Aun cuando es cierto que, como dice Lucho Repetto en la tele, «los museos están cambiando», en la mayoría de los casos estos cambios se deben más al compromiso de su abnegado personal y al respeto que sienten las personas que le han dedicado su vida a estas cosas, muchas veces en menoscabo de su propio bienestar. El populorum no tiene por qué saberlo, pero Walter Alva no tiene casa propia, siempre ha vivido en los predios del Museo Bruning, y ahora en el Museo de las Tumbas Reales de Sipán. Su hijo Nacho se ha tenido que ir a vivir a Ventarrón, para asegurase de que el trabajo se hace bien y que ese sitio no sea depredado por huaqueros alguna noche solitaria. Muchos de mis colegas han sido enjuiciados por el Estado y por intereses particulares por tratar de proteger el patrimonio cultural, y la gran mayoría de personas que ha dedicado su vida a conservar los vestigios físicos de la memoria nacional, en museos y archivos, centros de documentación y bibliotecas, sobrevive con sueldos que seguramente serán dignos en Biafra.
No existe, ni ha existido jamás, una política pública en materia de museos o de conservación del patrimonio. Para muestra basta un botón. Nuestro añoso Museo Nacional de Pueblo Libre, fundado en la primera mitad del siglo pasado, en una casona de adobe y eternit, es vergonzoso por su antigüedad, por su falta de idoneidad para salvaguardar la integridad de los materiales que allí se guardan, por su crónica carencia de recursos; todo lo cual se traduce en uno de los museos más vetustos y aburridos de nuestro continente. Hordas de niños deambulan a diario por la mismas vitrinas que yo vi cuando era estudiante de primaria y que luego José Antonio del Busto nos exigía conocer de memoria, y que orgullosas e inmutables sobreviven sin que los nuevos descubrimientos en Caral o Sipán, Sicán o las huacas de Moche los afecten. Las colecciones, es decir, los grupos de objetos que tienen un mismo origen o que fueron reunidos simultáneamente, que se guardan allí sí que son tesoros nacionales. La colección textil es la más importante del mundo, y la colección restos humanos es, sin duda, uno de los bancos de información genética humana más sobresalientes que existen. Pero todos estos tesoros nacionales residen en una casa de adobes y quincha, que en un terremoto mediano seguramente cederá al tiempo y a la desidia; o que un incendio, mediano nomás, borrara del mapa.
Todos estamos de acuerdo en que no basta traer hijos al mundo: hay que cuidarlos, educarlos, protegerlos en los frágiles años de la infancia y aguantarlos en los insoportables y larguísimos años de la adolescencia. Los objetos del pasado, análogamente, requieren estos mismos cuidados, pero de manera permanente.

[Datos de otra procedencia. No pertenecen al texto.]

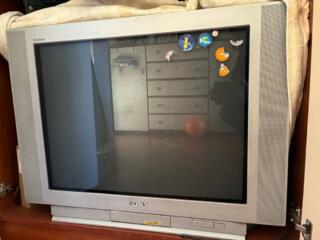 Продам телевизор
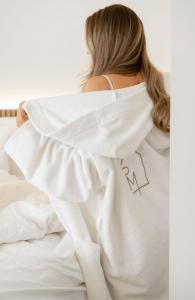波尔沃Pellinge Marina的穿着白色衬衫的女人躺在床上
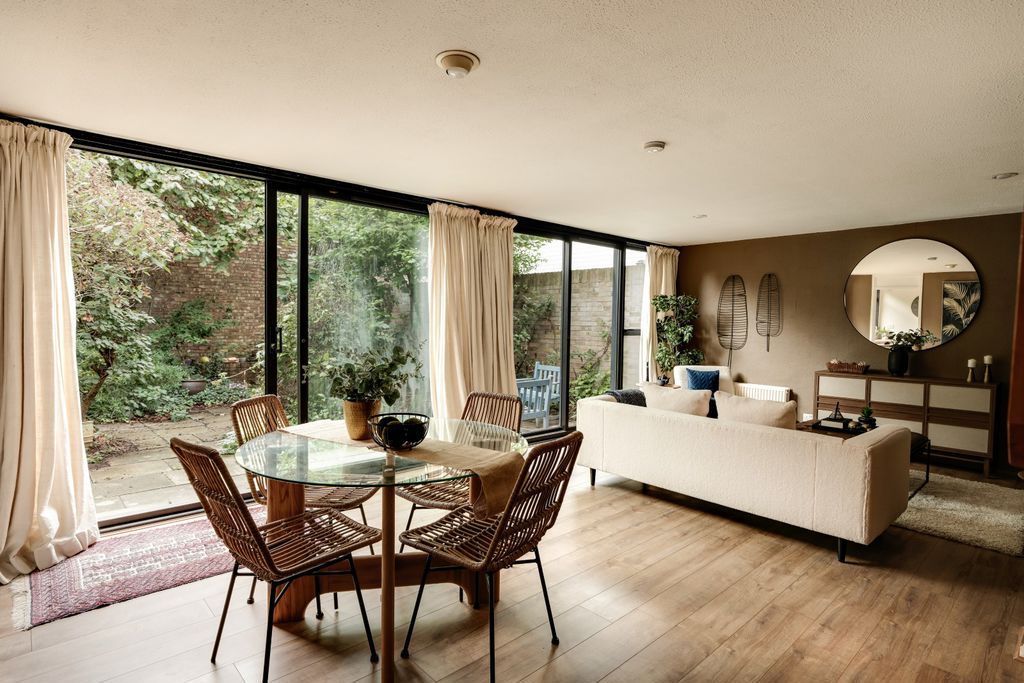 Property photo 1 of 18 Sitting/Dining Room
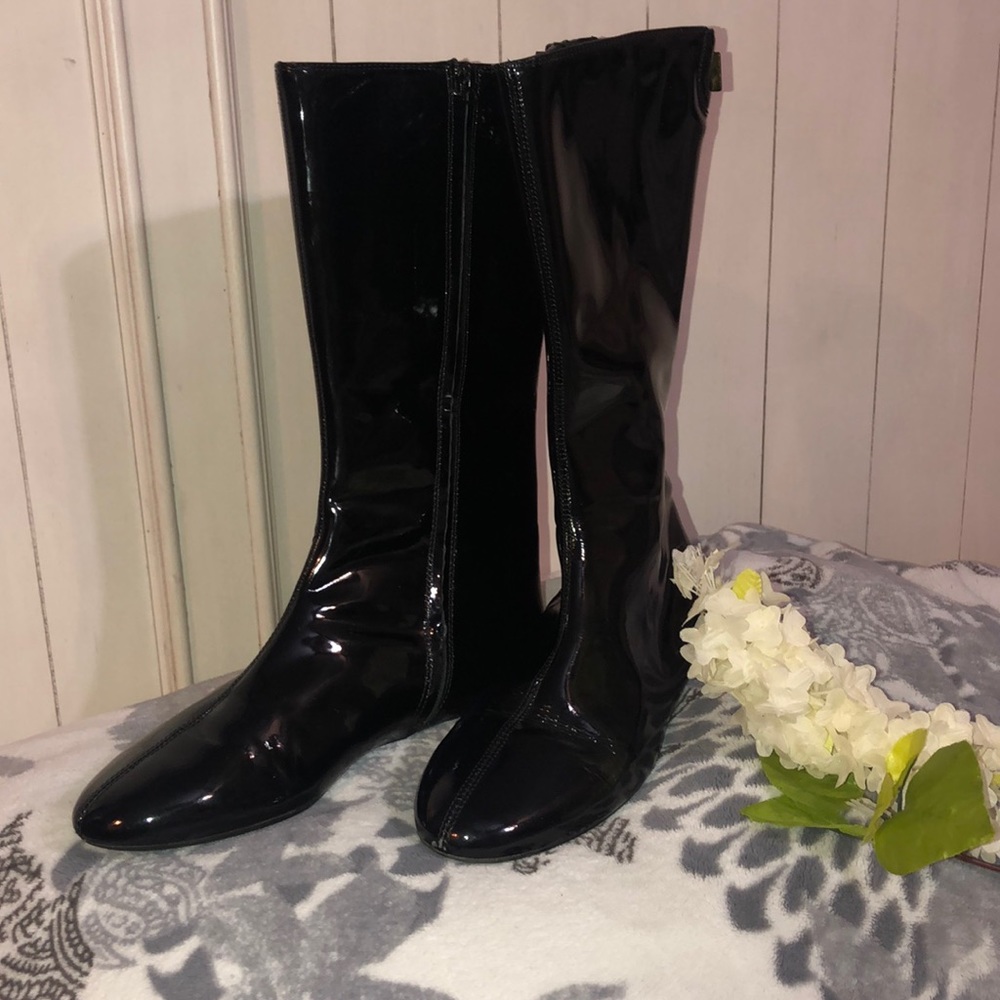 BURBERRY Authentic black patent rain #105SEG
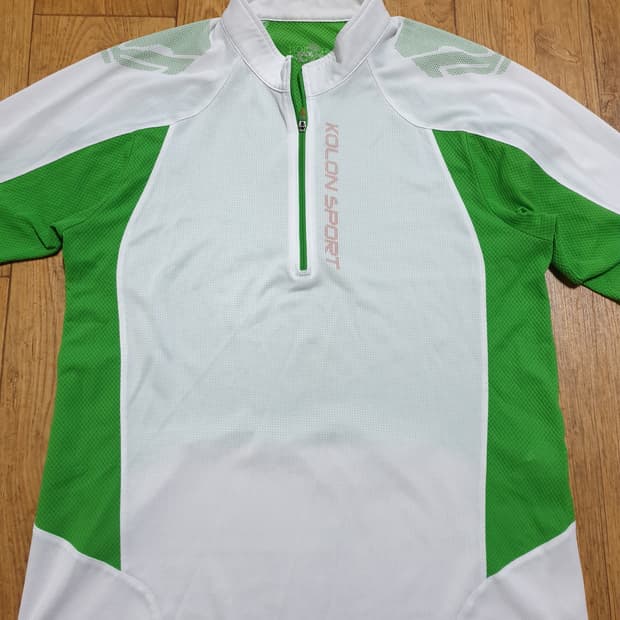 1112 코오롱 아웃도어 반집업 95 사이즈입니다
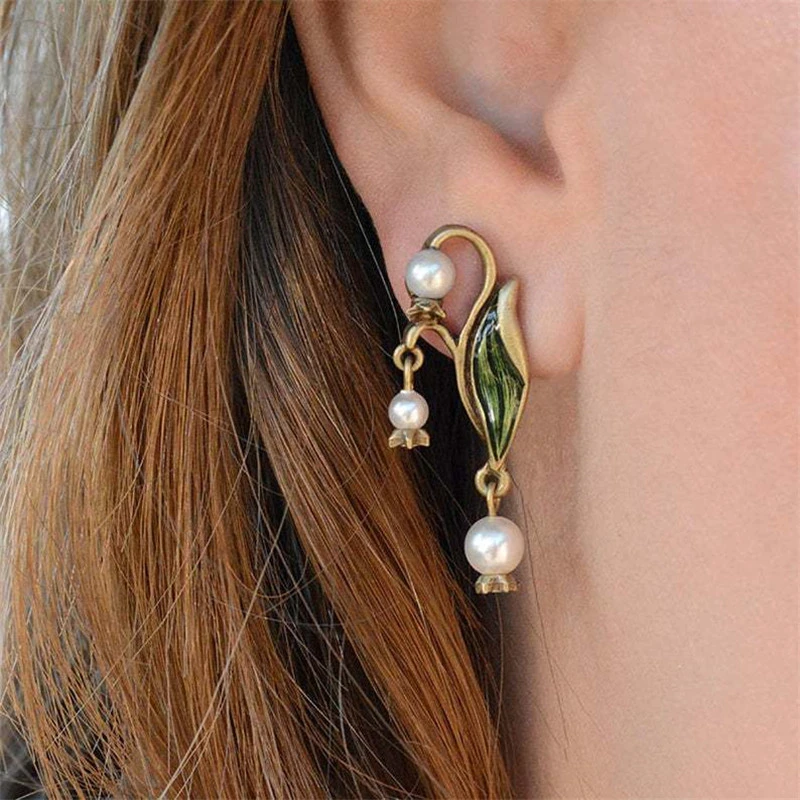 Boucles d'oreilles Boho Élégantes en Émail et Perles Chic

Eventualmente rendirán frutos, atraerán a turistas y curiosos cuando se los ponga en un contexto digno y se les haga expresión física de las narraciones que construyen científicos y curadores. Pero muchos nunca verán la luz de una vitrina, ni recibirán el honor de aparecer a todo color en los papeles cuché de los catálogos de arte. Esos humildes artefactos, esos pequeños restos olvidados por una persona como usted o como yo, pero hace miles de años en un rincón, esos pedazos rotos de vajillas desechados en un basural también requieren nuestra protección y cuidado, porque lo que nos pueden dar en el futuro no es solo un poco más de orgullo, sino una identidad basada en la verdad, en cómo fueron las cosas y no en las fantasías de mentes alucinadas.
Lund, jueves 7 de abril del 2011
(*) Para ver un detallado, bien documentado y acucioso recuento del proceso que llevó a la recuperación de las piezas de Machu Picchu sugiero revisar los artículos de la periodista Sara Nutman del diario universitario Yale Daily News. En ellos ofrece una mirada de los entretelones que llevaron a la solución de este sonado caso.